[ 
https://issues.apache.org/jira/browse/DRILL-6385?page=com.atlassian.jira.plugin.system.issuetabpanels:comment-tabpanel&focusedCommentId=16573938#comment-16573938
 ] 

Sorabh Hamirwasia commented on DRILL-6385:
------------------------------------------

For ScanBatch issue:

> Initially, I worried about the performance of the RemovingRecordBatch's 
> setupNewSchema() while generating different output schema of ScanBatch by 
> applying RuntimeFilter with an assumption implementation of the 
> RemovingRecodBatch's setupNewSchema() to generate dynamic codes.But actually 
> RemovingRecodBatch's setupNewSchema() does not generate dynamic codes.
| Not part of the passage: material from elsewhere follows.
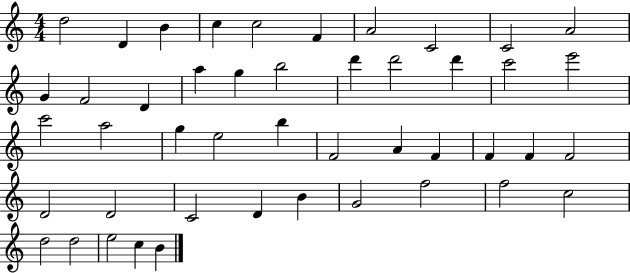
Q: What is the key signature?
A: C major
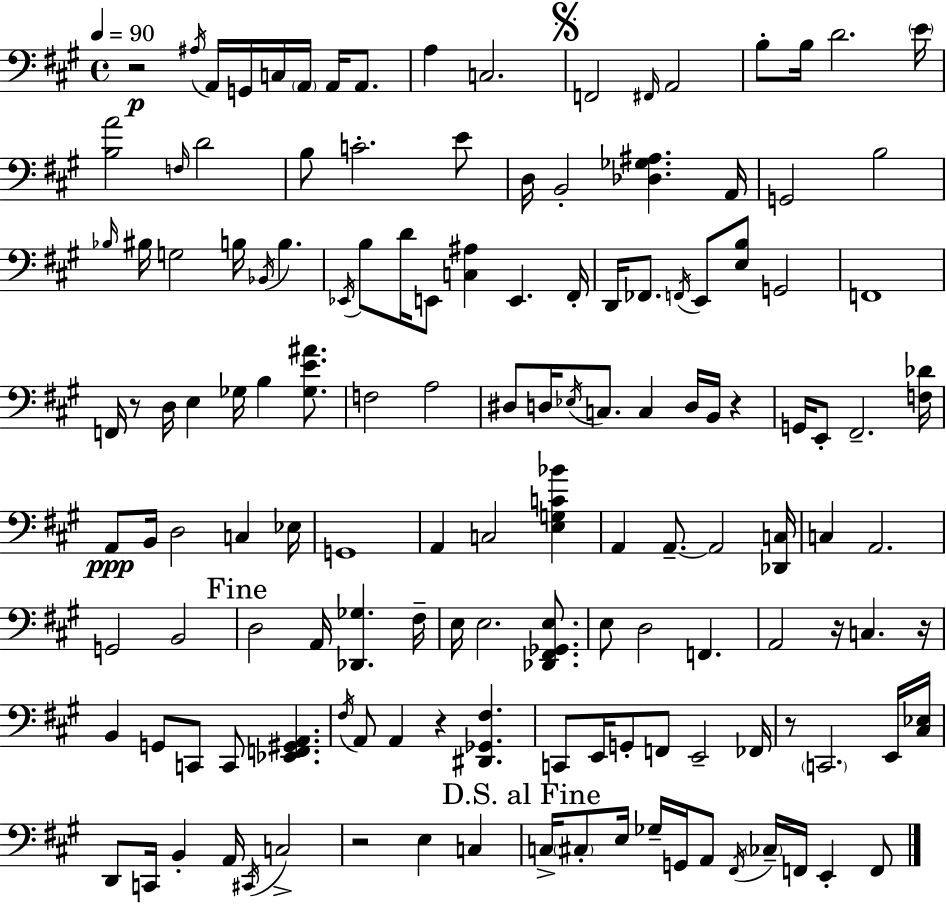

So the 
> changed implementation has reduced some complexity to judge whether to output 
> a schema with SV2 or NONE.

Since this PR has changed the encoding of _ScanBatch_ to SV2, the downstream 
operator to _ScanBatch_ can be any other operator which can accept an incoming 
with SV2 container like _Filter, RemovingRecordBatch, Limit, etc._ So the cost 
of generated code will be there based on operator downstream to ScanBatch. 
There are 2 things:
 - If output container type of _ScanBatch_ is modified at run time then there 
will be cost paid by downstream operator like _Filter_ to generate code in 
_setupNewSchema_. Also ScanBatch will generate more _OK_NEW_SCHEMA_ with this 
change which can result in frequent query failure depending upon operators 
downstream which doesn't support schema change post _BuildSchema_ phase like 
_Sort, HashAgg, etc_

 - If output container type of _ScanBatch_ is changed to _SV2_ for all cases 
then there will regression for query where _RuntimeFilter_ is not used. The 
reason being there will be an extra copy involved downstream of _ScanBatch_ to 
move from SV2 to SVNone

*To resolve above issues there are below options:*
 * At planning time decide if _RuntimeFilter_ can be applied to this query or 
not. If it can be applied then insert a _Filter_ Operator downstream of Scan 
operator. This Filter operator needs to be a different operator as it will get 
the filter condition at runtime and has to generate code then to evaluate all 
the incoming records . This filter will have all the logic for 
_applyRuntimeFilter_. This might be complex to implement and require a new 
Filter operator as well. Not sure if existing Filter operator can be used for 
this purpose or not. But this will make sure Filtering is done only for 
selective query and other queries will be unaffected. The issues mentioned in 
points above will be taken care of.
 * Generate SV2 container all the time from ScanBatch for all case and provide 
a new mechanism for SV2 which knows if any records is filtered out from actual 
input container or not. For cases when none of the record is filter it will do 
direct transfer of buffers rather than row by row copy. To achieve this may be 
we can do below:
 introduce a parameter in SelectionVector2 to have _originalRecordCount_ which 
will be set to incoming Record count at object creation time. 
 1) Introduce a new parameter in SelectionVector2 named _originalRecordCount_ 
which will be initialized to incoming or originalBatch recordCount during 
creation time. For existing constructor of _SelectionVector2_ pass this value 
as MAX_INT.
 2) _SelectionVector2_ population will happen in the existing way.
 3) Provide a new method like _public boolean doFullTransfer()_ which will do 
below:

{code:java}
// Some comments here
public boolean doFullTransfer()
{
    return (recordCount == originalRecordCount);
}
{code}
4) In _RemovingRecordBatch_ when _copyRecords_ is called in _doWork()_. It will 
call an override implementation of _copyRecords_ in _AbstractSV2Copier_ which 
will do below:
{code:java}
@Override
public int copyRecords(int index, int recordCount) throws SchemaChangeException 
{ 
    if (sv2.doFullTransfer()) {
       for(TransferPair tp : pairs){
        tp.transfer();
      }
      container.setRecordCount(incoming.getRecordCount());
      return recordCount;
    } else {
       super.copyRecords(index, recordCount);
    }
}
{code}

Above approach will also help with optimization of existing FilterRecordBatch 
which will not have any records filtered out. But we need to make sure that for 
cases when multiple operator are present which accepts SV2 container the actual 
_originalRecordCount_ is transferred all the way in operator tree upto 
RemovingRecordBatch otherwise there will be issues.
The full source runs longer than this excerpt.